*DATA PROVIDED*:

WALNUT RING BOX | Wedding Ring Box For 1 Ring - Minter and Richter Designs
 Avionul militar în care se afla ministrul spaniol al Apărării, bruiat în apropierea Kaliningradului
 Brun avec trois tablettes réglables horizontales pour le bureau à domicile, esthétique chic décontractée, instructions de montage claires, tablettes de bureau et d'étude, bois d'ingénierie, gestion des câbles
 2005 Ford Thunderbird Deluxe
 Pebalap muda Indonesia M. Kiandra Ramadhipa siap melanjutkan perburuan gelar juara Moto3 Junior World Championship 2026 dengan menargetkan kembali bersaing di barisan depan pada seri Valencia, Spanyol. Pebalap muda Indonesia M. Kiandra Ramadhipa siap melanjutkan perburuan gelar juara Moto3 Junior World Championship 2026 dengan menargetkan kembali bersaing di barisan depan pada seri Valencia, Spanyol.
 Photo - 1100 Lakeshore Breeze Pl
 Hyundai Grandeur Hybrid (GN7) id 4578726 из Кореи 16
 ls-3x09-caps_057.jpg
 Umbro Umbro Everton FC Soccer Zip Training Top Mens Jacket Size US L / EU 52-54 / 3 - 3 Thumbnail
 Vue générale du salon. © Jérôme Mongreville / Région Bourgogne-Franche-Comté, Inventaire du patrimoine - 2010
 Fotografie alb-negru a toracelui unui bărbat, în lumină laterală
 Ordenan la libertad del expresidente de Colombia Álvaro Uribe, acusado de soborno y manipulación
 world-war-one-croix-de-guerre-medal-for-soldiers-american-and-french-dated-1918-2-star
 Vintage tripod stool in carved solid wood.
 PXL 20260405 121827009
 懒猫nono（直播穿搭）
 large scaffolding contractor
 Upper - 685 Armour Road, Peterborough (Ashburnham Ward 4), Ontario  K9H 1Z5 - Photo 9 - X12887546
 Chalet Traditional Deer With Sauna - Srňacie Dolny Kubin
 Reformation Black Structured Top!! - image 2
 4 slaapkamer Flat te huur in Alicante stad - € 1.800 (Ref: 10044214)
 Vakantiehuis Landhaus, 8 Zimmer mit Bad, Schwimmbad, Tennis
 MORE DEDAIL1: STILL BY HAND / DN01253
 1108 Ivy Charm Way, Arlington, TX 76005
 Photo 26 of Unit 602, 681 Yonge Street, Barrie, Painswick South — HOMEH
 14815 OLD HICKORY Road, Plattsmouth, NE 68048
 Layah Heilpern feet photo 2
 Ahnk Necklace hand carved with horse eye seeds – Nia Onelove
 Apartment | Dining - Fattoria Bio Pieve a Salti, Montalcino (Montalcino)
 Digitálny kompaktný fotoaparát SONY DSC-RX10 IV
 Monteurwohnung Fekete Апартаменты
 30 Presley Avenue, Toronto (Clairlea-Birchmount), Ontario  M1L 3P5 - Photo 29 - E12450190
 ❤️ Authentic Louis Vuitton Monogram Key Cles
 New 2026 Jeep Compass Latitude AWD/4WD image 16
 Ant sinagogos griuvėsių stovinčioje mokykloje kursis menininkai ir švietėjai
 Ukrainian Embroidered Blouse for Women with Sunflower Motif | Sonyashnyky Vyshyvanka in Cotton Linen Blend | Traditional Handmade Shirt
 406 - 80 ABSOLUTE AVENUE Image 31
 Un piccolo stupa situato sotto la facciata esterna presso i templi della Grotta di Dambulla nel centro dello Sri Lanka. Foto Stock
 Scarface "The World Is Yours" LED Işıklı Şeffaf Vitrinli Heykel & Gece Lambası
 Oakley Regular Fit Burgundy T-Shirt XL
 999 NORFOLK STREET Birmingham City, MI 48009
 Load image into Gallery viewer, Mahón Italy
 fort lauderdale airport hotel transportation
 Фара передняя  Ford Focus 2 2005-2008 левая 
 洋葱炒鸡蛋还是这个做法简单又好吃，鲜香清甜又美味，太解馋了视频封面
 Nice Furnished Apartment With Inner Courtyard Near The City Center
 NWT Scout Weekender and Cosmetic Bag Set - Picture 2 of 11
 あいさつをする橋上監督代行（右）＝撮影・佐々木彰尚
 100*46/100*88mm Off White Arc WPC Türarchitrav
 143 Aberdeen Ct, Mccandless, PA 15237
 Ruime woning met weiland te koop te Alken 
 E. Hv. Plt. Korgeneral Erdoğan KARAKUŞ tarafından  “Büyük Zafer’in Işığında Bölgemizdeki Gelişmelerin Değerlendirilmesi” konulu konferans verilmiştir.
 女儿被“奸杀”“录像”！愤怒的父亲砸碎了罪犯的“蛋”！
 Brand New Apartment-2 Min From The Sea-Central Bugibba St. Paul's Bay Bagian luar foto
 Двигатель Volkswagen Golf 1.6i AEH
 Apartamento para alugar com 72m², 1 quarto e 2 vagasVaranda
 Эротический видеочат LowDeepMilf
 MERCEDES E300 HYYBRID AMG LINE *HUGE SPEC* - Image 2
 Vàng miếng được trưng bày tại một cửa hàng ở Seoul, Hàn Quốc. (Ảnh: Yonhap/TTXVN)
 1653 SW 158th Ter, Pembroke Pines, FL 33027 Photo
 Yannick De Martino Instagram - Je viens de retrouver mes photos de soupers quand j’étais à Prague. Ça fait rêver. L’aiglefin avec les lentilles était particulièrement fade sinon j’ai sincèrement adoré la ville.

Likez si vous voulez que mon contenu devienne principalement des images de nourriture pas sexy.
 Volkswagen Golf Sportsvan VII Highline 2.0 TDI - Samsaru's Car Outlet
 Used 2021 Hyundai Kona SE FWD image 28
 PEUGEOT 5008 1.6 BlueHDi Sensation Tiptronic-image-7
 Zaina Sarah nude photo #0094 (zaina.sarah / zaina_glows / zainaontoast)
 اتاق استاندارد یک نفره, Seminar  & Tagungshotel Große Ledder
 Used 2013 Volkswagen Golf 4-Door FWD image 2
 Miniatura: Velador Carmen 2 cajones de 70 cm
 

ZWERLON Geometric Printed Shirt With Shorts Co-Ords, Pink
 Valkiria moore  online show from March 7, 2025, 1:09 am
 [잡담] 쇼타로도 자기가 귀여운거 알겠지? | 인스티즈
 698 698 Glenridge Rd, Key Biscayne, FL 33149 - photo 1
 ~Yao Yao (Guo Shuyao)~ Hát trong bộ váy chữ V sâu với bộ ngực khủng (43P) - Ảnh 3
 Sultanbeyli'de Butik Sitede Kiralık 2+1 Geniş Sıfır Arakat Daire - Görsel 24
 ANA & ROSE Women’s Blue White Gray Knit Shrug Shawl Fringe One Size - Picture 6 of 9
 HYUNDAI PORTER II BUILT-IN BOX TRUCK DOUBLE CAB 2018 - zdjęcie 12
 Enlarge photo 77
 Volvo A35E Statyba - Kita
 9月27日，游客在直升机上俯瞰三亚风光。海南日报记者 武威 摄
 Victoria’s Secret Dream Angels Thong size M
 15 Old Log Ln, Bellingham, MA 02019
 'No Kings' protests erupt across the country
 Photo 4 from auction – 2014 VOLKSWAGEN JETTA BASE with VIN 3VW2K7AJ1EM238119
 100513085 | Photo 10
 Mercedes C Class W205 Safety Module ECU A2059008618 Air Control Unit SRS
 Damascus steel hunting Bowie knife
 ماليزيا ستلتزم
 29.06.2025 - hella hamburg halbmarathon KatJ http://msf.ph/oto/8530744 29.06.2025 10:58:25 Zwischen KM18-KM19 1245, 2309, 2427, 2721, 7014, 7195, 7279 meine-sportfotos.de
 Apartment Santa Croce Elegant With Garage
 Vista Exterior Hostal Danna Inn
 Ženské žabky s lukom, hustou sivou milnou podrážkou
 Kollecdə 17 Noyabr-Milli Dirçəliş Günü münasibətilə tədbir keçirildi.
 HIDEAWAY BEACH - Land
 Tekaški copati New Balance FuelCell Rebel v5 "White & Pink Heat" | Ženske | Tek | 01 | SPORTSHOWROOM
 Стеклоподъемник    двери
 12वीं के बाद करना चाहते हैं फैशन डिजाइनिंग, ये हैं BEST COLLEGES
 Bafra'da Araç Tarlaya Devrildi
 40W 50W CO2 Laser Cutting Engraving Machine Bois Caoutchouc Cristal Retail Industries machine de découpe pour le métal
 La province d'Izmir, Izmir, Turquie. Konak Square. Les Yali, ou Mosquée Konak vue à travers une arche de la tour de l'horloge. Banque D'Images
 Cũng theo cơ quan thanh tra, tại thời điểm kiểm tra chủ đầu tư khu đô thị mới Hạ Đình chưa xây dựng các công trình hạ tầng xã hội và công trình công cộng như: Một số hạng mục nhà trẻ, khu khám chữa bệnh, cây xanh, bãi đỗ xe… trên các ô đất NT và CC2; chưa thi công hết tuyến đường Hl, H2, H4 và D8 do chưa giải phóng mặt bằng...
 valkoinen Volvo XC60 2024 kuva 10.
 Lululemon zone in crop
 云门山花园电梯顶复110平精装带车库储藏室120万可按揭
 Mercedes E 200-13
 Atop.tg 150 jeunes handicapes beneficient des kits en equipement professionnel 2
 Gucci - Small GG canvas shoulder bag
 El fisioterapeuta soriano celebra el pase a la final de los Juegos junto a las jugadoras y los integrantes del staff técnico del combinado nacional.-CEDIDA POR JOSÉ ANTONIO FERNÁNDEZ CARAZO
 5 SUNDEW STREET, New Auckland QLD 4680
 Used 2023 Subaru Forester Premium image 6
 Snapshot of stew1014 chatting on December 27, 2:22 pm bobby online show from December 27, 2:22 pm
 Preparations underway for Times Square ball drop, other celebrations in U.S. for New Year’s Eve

*PROBLEM STATEMENT*: Give back exactly the lines above starting at the line where "Zaina Sarah nude" appears and ending at the line where "ANA & ROSE Women’s" appears, both included, with no other lines.

*SOLUTION TO THE EXERCISE*:
 Zaina Sarah nude photo #0094 (zaina.sarah / zaina_glows / zainaontoast)
 اتاق استاندارد یک نفره, Seminar  & Tagungshotel Große Ledder
 Used 2013 Volkswagen Golf 4-Door FWD image 2
 Miniatura: Velador Carmen 2 cajones de 70 cm
 

ZWERLON Geometric Printed Shirt With Shorts Co-Ords, Pink
 Valkiria moore  online show from March 7, 2025, 1:09 am
 [잡담] 쇼타로도 자기가 귀여운거 알겠지? | 인스티즈
 698 698 Glenridge Rd, Key Biscayne, FL 33149 - photo 1
 ~Yao Yao (Guo Shuyao)~ Hát trong bộ váy chữ V sâu với bộ ngực khủng (43P) - Ảnh 3
 Sultanbeyli'de Butik Sitede Kiralık 2+1 Geniş Sıfır Arakat Daire - Görsel 24
 ANA & ROSE Women’s Blue White Gray Knit Shrug Shawl Fringe One Size - Picture 6 of 9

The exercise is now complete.